Non credo, perchè in tal caso più che a Robin Hood dovremmo paragonarlo a Don Chisciotte. Il mercato spiazza la politica. Pare che la trattativa fra l’azienda genovese e Lukoil, durata circa un anno, si sia svolta al riparo da interferenze dei governi italiani, com’è giusto avvenga fra gruppi privati. Anche se riesce viceversa difficile credere che la controparte russa abbia agito all’insaputa di Vladimir Putin e Dimitri Medvedev. Era almeno un ventennio che non sopraggiungeva in Italia un investitore straniero a competere con la posizione dominante dell’Eni. Quest’ultima a sua volta ha inaugurato una collaborazione strategica con Gazprom, ma col sostegno della politica è riuscita finora a impedirne l’accesso al mercato interno. Ciò che rende ancora più rilevante la nuova, dispari integrazione Erg-Lukoil.
Mosca consolida la sua politica di potenza offrendosi nel vecchio continente quale alternativa energetica ai paesi arabi. Ma preferisce trattare da posizioni di forza con singole imprese e singoli governi: il suo scopo è scongiurare la temuta eventualità di una politica energetica comune dell’Unione Europea. Così una felice scelta di mercato rivela la debolezza politica degli Stati-nazione e l’impossibilità di un’”Europa fortezza”. Quel che è stato impedito ad Alitalia nel nome di un falso patriottismo e ricorrendo alle tasche dei contribuenti –la cessione a Air France- non si poteva certo vietare alla famiglia Garrone che pure opera in un settore altrettanto strategico della nostra economia. Per fortuna, al momento non si registrano appelli in difesa dell’italianità della Erg, e dubito che venga richiesto ad altre imprese tricolori di mettere mano al portafoglio per dare vita a una cordata anti-russa.

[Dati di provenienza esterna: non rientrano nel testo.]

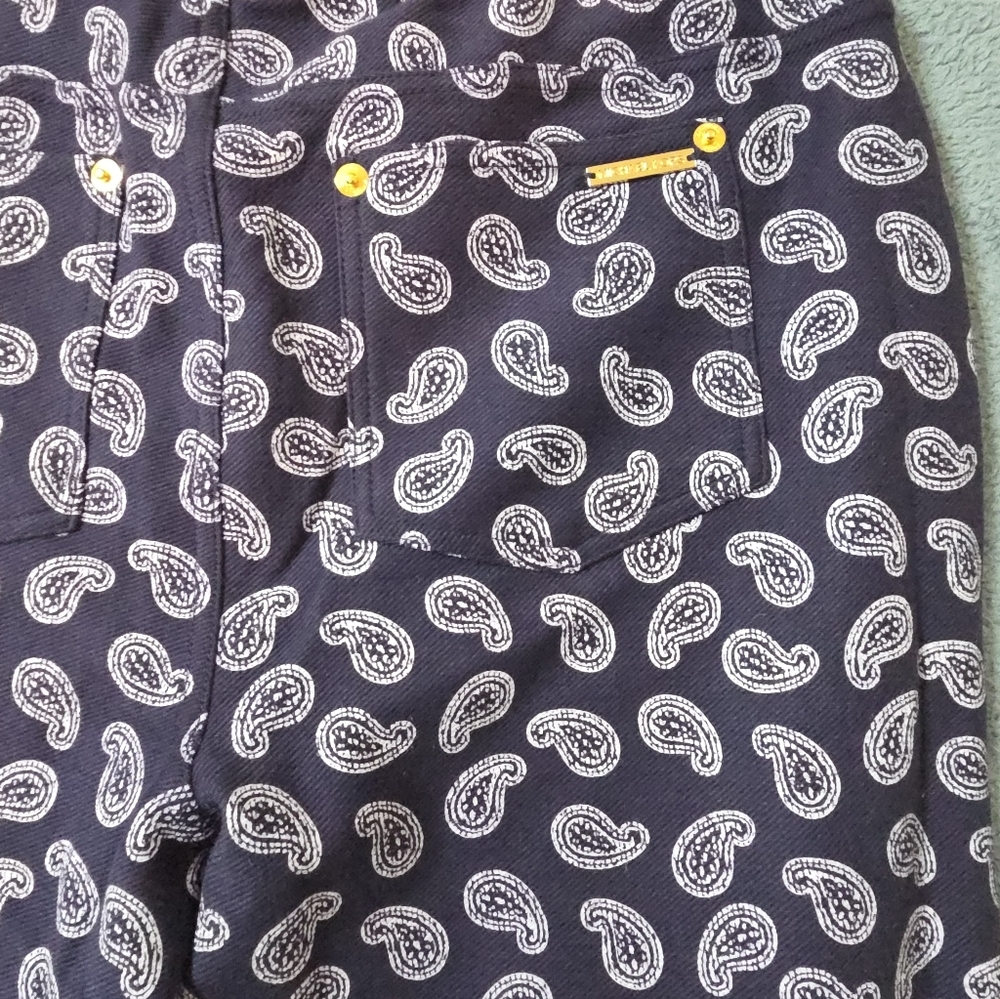 Michael Kors Blue Paisley 28x28 Women's Pull-On Pants Stretch - Picture 5 of 10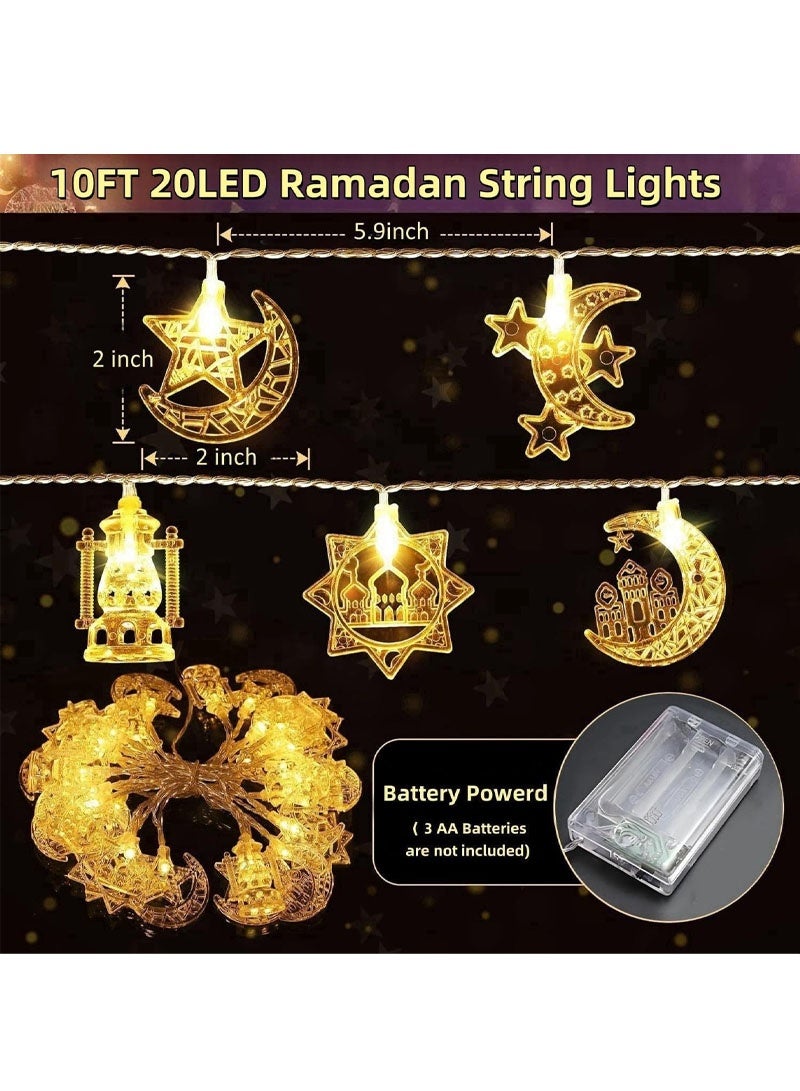 GZYIZHOU Ramadan Lights, 20 LEDs Moon and Star Lights 10FT Battery Operated String Lights Ramadan Decoration  for Home Eid Ramadan Decor, Warm White - Image 2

Certo, la partnership stipulata a Mosca prevede una gestione paritaria della nuova società e la Erg gode di un azionista robusto che oggi non ha nessuna intenzione di uscire dal business del petrolio. Anche se il contratto gli riserva la possibilità di cedere ai russi l’intera società. Ben diversa è la situazione prefallimentare di Alitalia. Ma non per questo possiamo sottovalutare le conseguenze dell’arrivo dei russi fra noi: la raffineria di Priolo rappresenta il cuore delle attività Erg e potrebbe anticipare, speriamo, un’alternativa virtuosa al fallimentare modello protezionistico tipico di un’economia decadente.
Quando l’escalation dei prezzi di gas e petrolio pesa gravemente sui consumatori e frena gli scambi internazionali, una risposta pacifica può venire solo dalla globalizzazione. La storia ci insegna che meno globalizzazione equivale a più guerre e più povertà. La nuova superpotenza russa ci minaccia di meno se viene integrata nella nostra economia che se tentiamo di bloccare i suoi investimenti.
Quanto ai petrolieri nostrani: ieri abbiamo avuto la conferma che la liberalizzazione del mercato e la fine dei privilegi corporativi funzionano molto di più, a vantaggio dei consumatori, che una punizione simbolica. Magari giustificata per l’eccessiva generosità di un petroliere tifoso nei confronti di Mourinho.